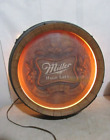 Vintage 1984 Miller High Life Beer Illuminated Barrelhead Lighted Barrel Sign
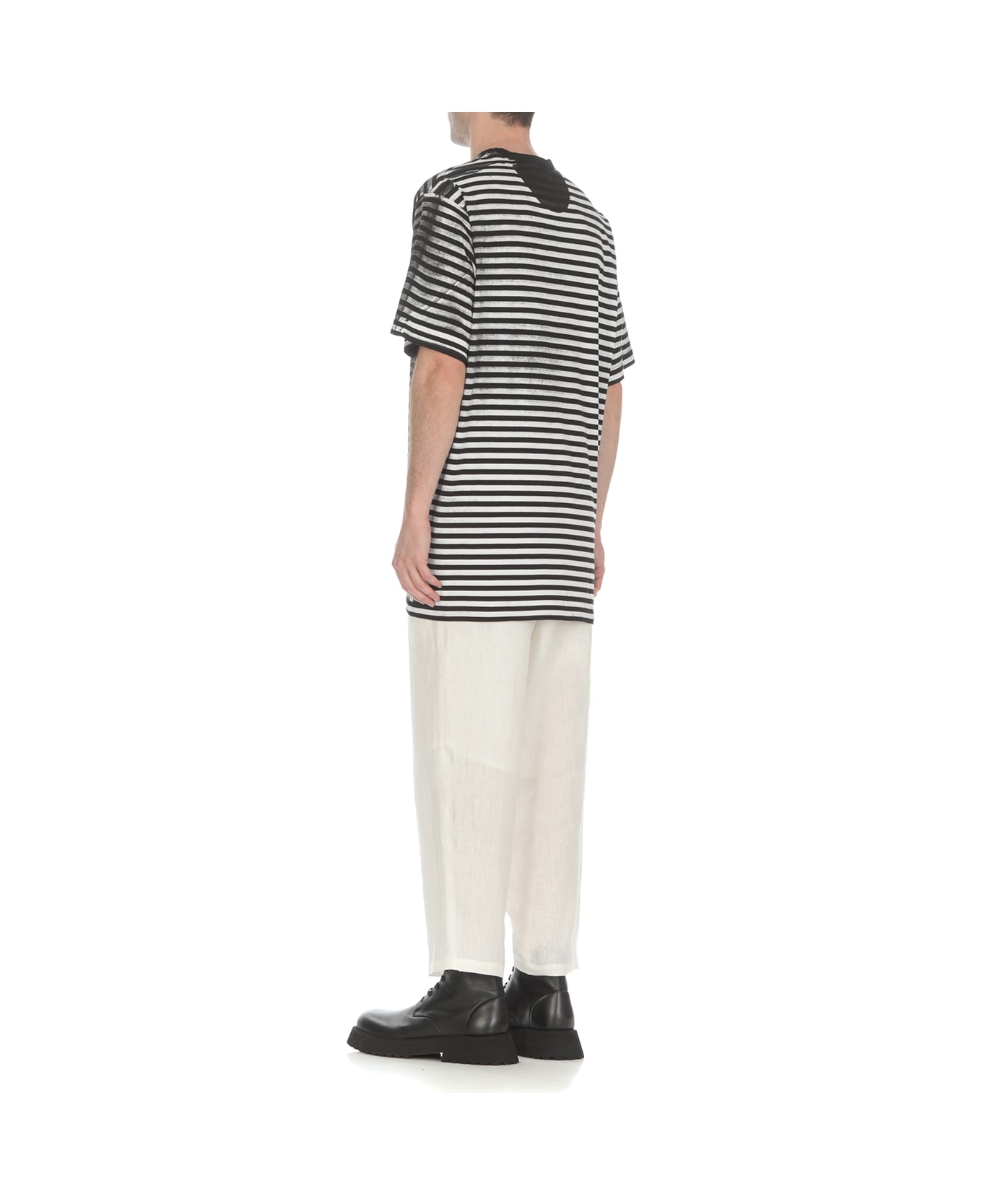Yohji Yamamoto Striped T-shirt - Grey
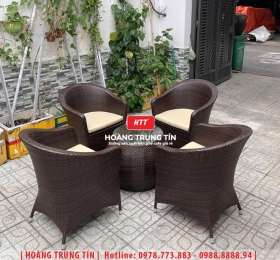 Bàn ghế cafe đan nhựa giả mây HTT-044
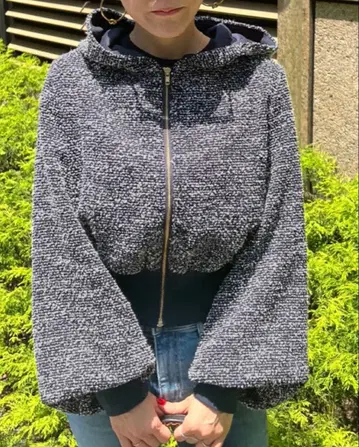 jenne 트위드풍 릴랙스 후드티 네이비 S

YOUR GOAL>
Every last line above must be reproduced as written, and no pictures belong in the copy.

SOLUTION>
 Vintage 1984 Miller High Life Beer Illuminated Barrelhead Lighted Barrel Sign
Yohji Yamamoto Striped T-shirt - Grey
 Bàn ghế cafe đan nhựa giả mây HTT-044
 jenne 트위드풍 릴랙스 후드티 네이비 S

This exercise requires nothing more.